Put as little down on as many good deals as possible. Diversify, and always have a planned exit strategy. DON’T put all your money in one basket. Best of luck to you.

Da Wiz

Yeah, that was my plan. To invest as little as possible into as many properties as possible as long as I can make a decent profit off each one of the properties. I was, basically, just wondering if other investors with more experience had the same idea cause it seemed like a good idea, to me, but I wasn’t sure if it could work out. Thanks for your advice, everyone that replied so far.

Invest like you have NO money!

Some of the worst deals that I’ve seen has been where the investor had no problem getting the money for the deal.

Raj

so where do you currently live??? at the gym? Buy your own house first! consider a fixer/rehab or perhaps something that you get cheap (HUD, preforeclosure, etc), live in a few years and turn it over. Very easy to turn around and get an equity line against your primarly residence.

If I were to start with 120k

  1. I would put 2k at the Title Company to use as earnest money on multiple properties…
    (that way you just write on the contract earnest money to be held by _________ title company and use it over and over I have been using the same money for 3 years now)

  2. Buy houses 20% below appraised value

  3. put down 20% of the 80% offer and get at least 10 properties.

  4. Run ad’s EVERYBODY qualifies or I will give you $10,000.00 w.a.d.
    (with applied down Then if they do not qualify you have a way out “Its not my fault you did not have 80% down)

  5. Carry the 20% at 13% interest so on a 200k house you carry 40k (which was never your money anyway)
    This will create a residual income of $400.00 per house per month not a ton of money on the other hand do ten of them and make an extra $4,000.00 per month do that ten times and create an extra $40,000.00 per month not to mention you will create 4,000,000.00 dollars in notes!!! And there is no ownership reapirs involved!

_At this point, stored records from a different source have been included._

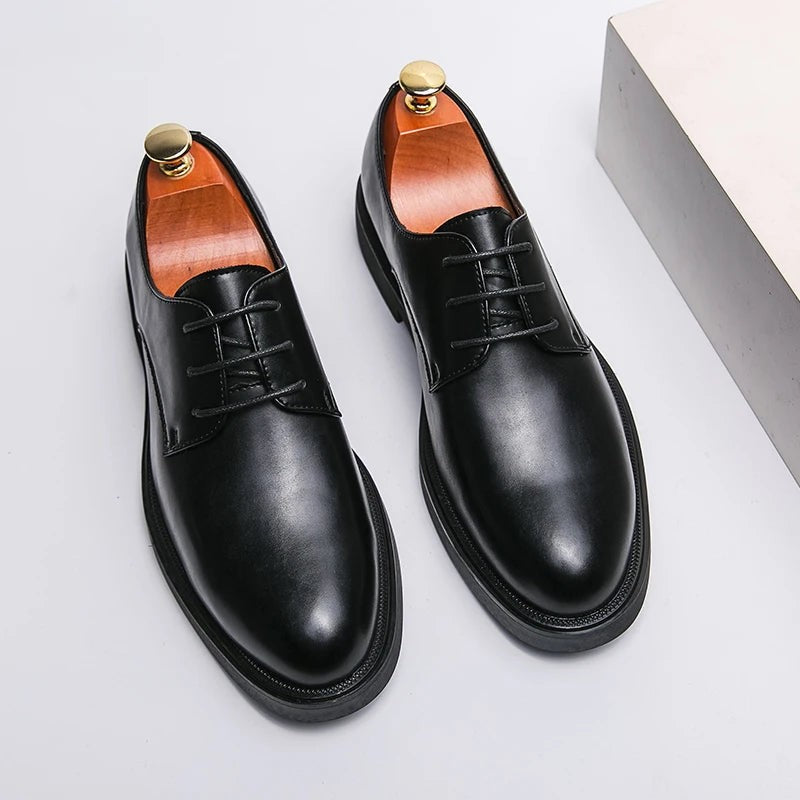 Close-up of black leather Oxford shoe held beside foot wearing matching pair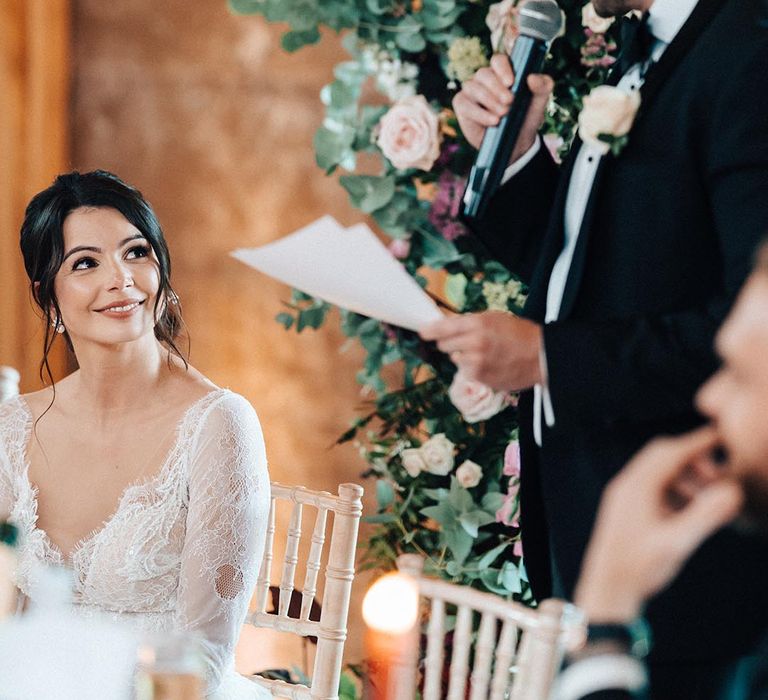 The bride looks up lovingly at the groom as he reads out his wedding speech 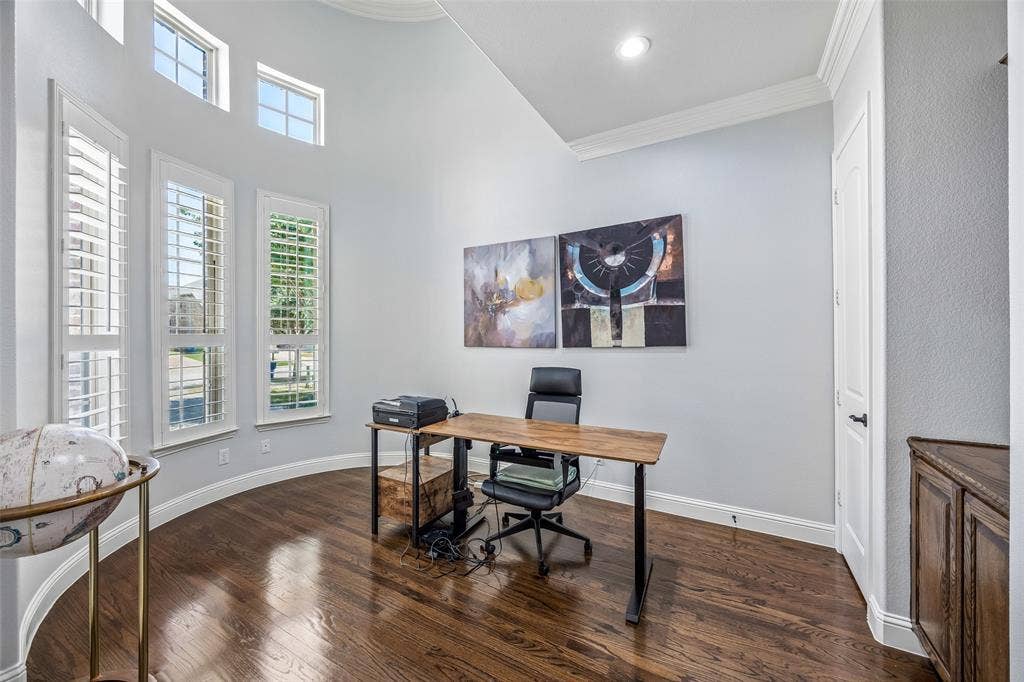 Office features built-ins, soaring ceilings and French doors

But that is just what I would do!

King,

Congratulations on choosing real estate investment as one of the tools to invest your money. Because you are new to the real estate investment arena, I suggest you consider the following guidelines:

  1. Put away $12,000 as reserve in some kind of interest bearing account. DO NOT use this money, except in case of emergencies.

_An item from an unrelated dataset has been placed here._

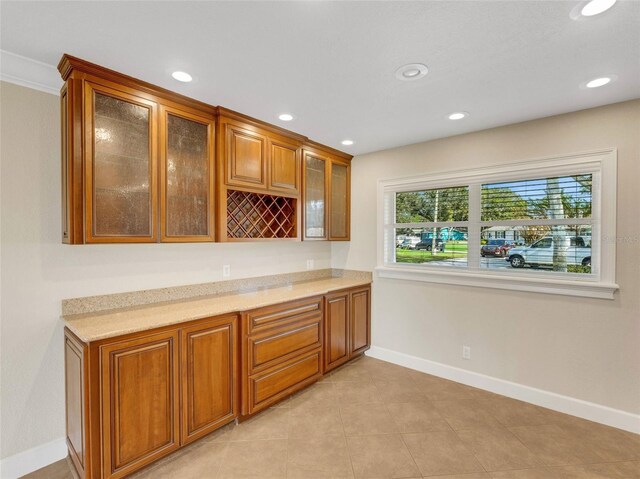 bar with light stone counters and light tile patterned flooring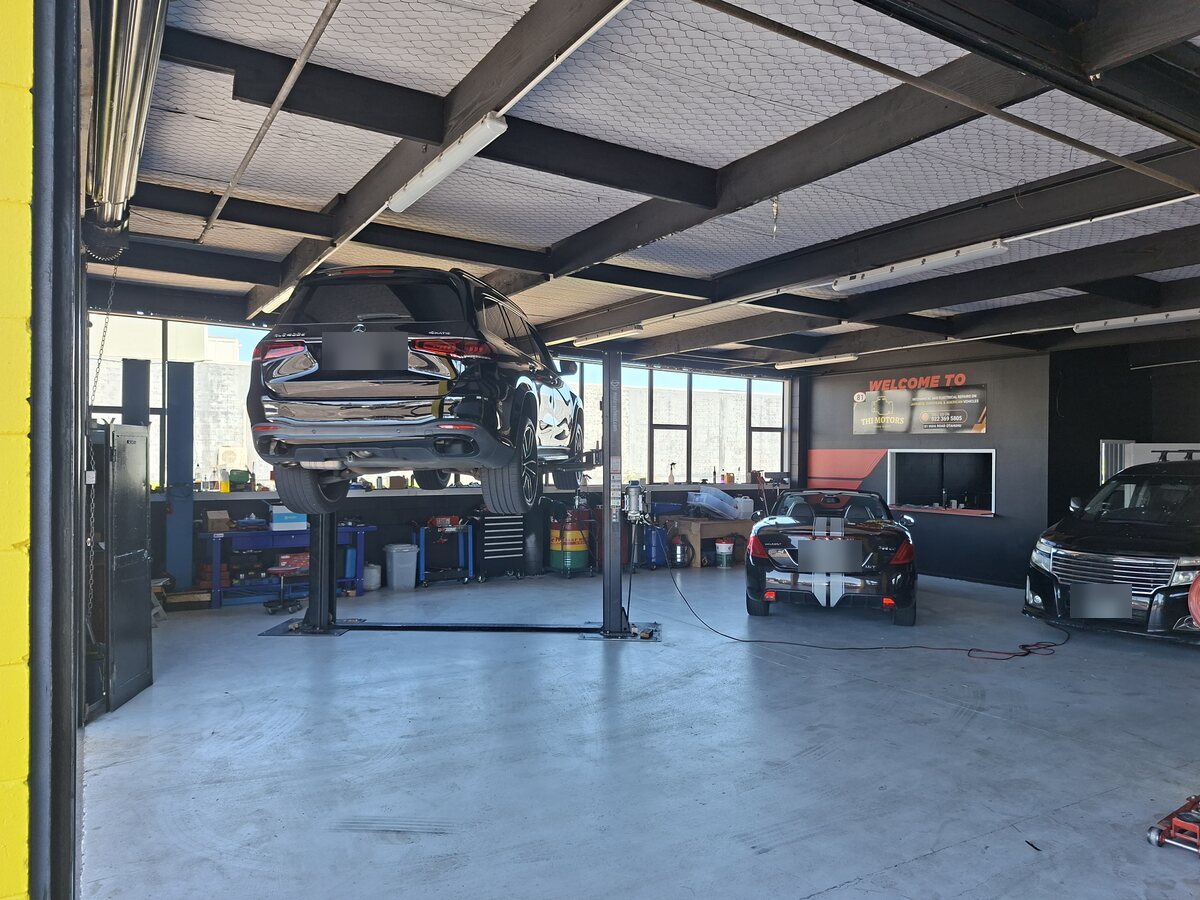 Mercedes-Benz SUV raised on a two-post hoist inside the Otahuhu workshop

  2. Open a Roth IRA with the maximum amount allowable, about $4,000.00. This account will establish your “retirement” account. You’ll be able to use the money for RE investment. Consult an accountant or tax attorney before opening the account.

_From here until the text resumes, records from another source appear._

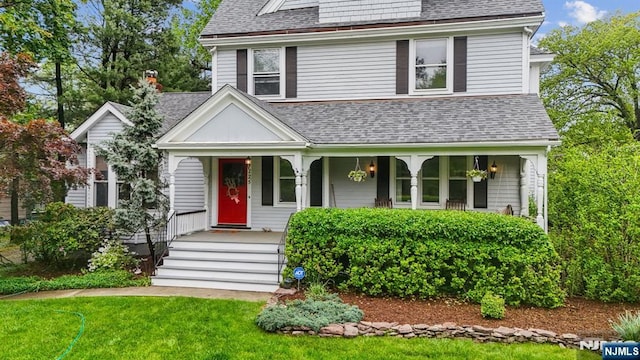 125 Bellevue Ave, Montclair, NJ 07043 - view of front facade with roof with shingles, covered porch, and a front lawn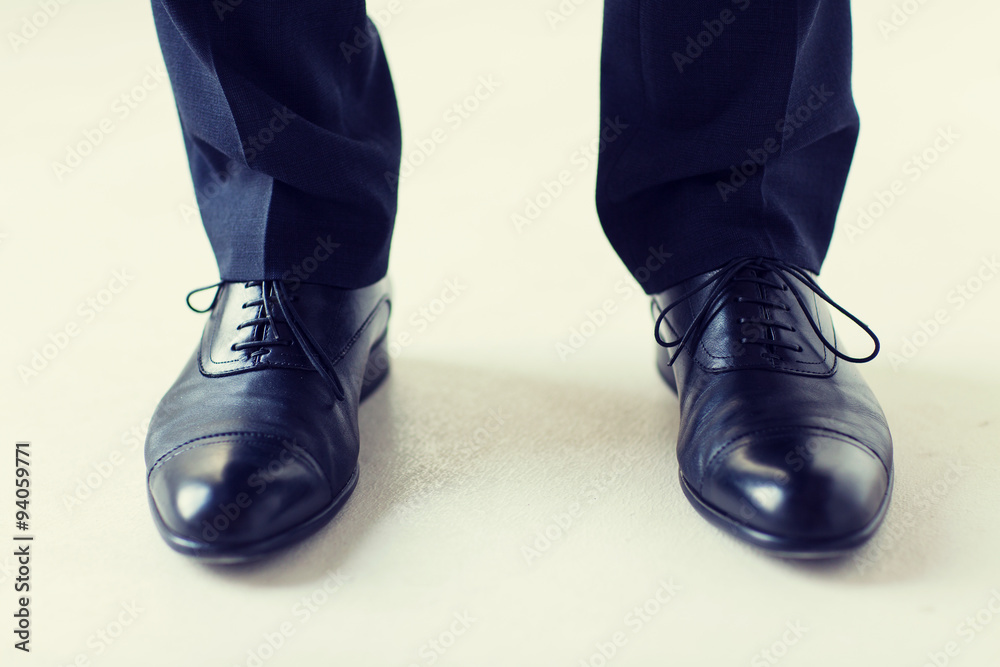 close up of man legs in elegant shoes with laces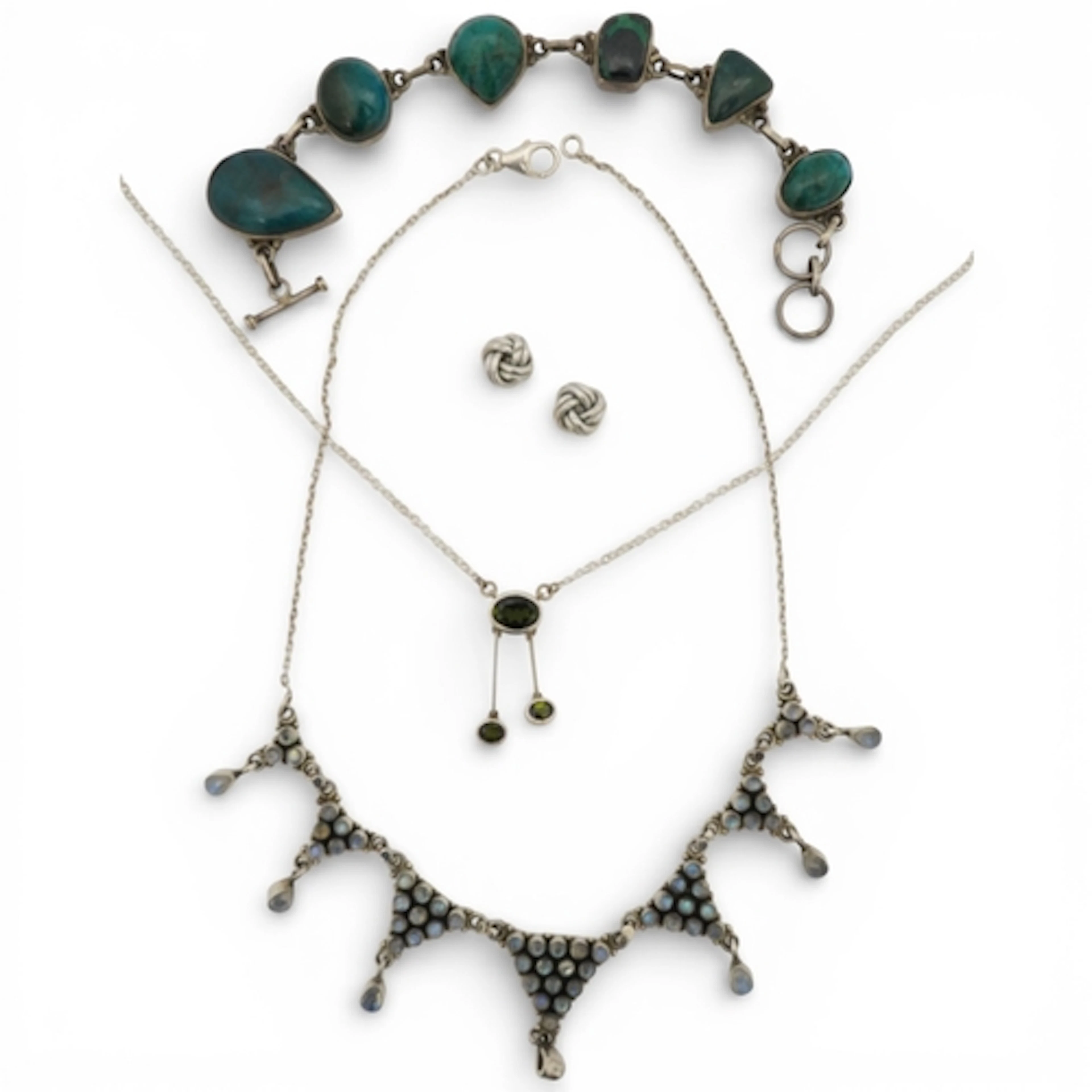 A collection of silver jewels, comprising: a bracelet set wi...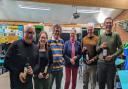 The winning team from left to right are: Michael Butcher (1st Horn player), Jodie Watson  (Soprano Cornet player & chairman), Kevin the quizmaster, Mary Rhodes (Twinning Society Chairman), Mark Tranter (Flugel Horn player) and Niall Watson (Band M.D.)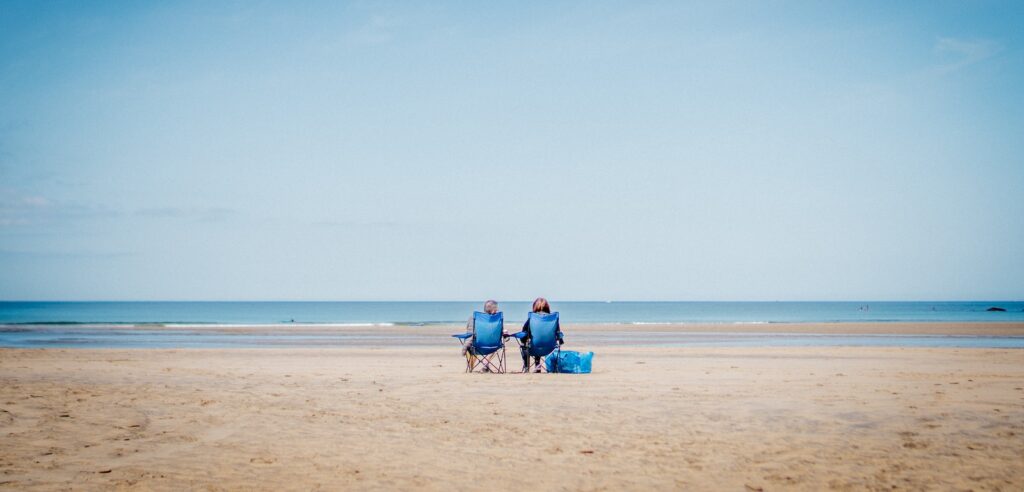 2 person sitting on beach sand during daytime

  3. Purchase a home for “yourself first.” Because you’re a first-time homebuyer, you should be able to get in with no- or little-money down. Look for an inexpensive home – a small single family home, or perhaps a duplex or 4-unit building so you can rent out the other units. I suggest you use a “real estate agent” for your home.

  4. Join a local “real estate investment association.” You’ll get a lot of information about your local real estate market. Plus you’ll meet experienced real estate investors who can guide you about investing in the New Jersey area. You’ll also meet novice investors like yourself who you can relate to.

  5. Attach yourself to a mentor, someone who is currently investing in real estate, owns five or more properties, buys two or more properties per year and is willing to spend time with you.

  6. Now let’s get down to the nuts and bolts. To ease yourself into actual investing, I suggest you invest as follows:

    a. First Property – Buy a property to “wholesale”; that is, a property for which you can assign the contract to another investor for $2,000 to $6,000.

    b. Second Property – Buy a property to wholesale.

    c. Third Property – Buy a property to “retail”; that is, a property to fix up and sell.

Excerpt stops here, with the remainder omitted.